Applying the Fundamental Theorem of Calculus with derivatives

Question

Following the next exercise.
Given a function $g$ continuous for all $x$ which $g(1)=5$ and $\int_{0}^{1}g(t)dt=2$. Let $f(x)=\frac{1}{2} \int_{0}^{x}(x-t)^2g(t)dt$. Prove that: $$f'(x) = x \int_{0}^{x}g(t)dt - \int_{0}^{x}g(t)dt$$
Proof (attempt): First of all, we have that $f(x) = [...]$ so, by the product rule for derivatives we've got: $$f' (x)= (0)(f(x)) + {\frac{1}{2}}{\int_{0}^{x}(x-t)^2g(t)dt}'$$ Then, I was trying to apply integration by parts to compute the integral or at least leave it in terms of g, but that led me to nothing.
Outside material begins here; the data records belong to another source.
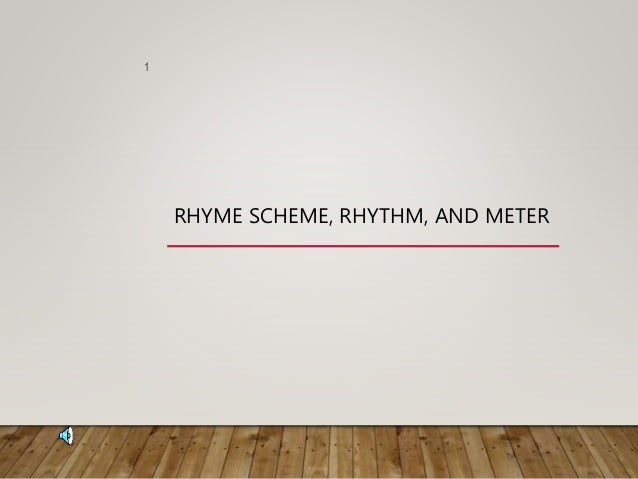 Rhyme Scheme Rhythm And Meter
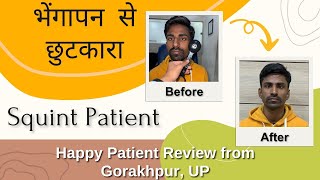 Strabismus Surgery Or Squint Surgery Treatment Or Crossed Eyes Happy Squint patient  from UP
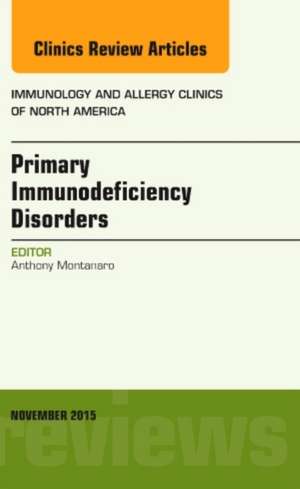 Primary Immunodeficiency Disorders, An Issue of Immunology and Allergy Clinics of North America de Anthony Montanaro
So, I don't know what to do. If anyone can help me a little bit, I'd be very grateful.

Answer 1

$$ f(x) = \frac12\int_0^x(x - t)^2 g(t)\,dt = \frac{x^2}2\int_0^x g(t)\,dt - x\int_0^x tg(t)\,dt + \frac12\int_0^x t^2g(t)\,dt, $$ $$f'(x) = x\int_0^x g(t)\,dt - \int_0^x tg(t)\,dt.$$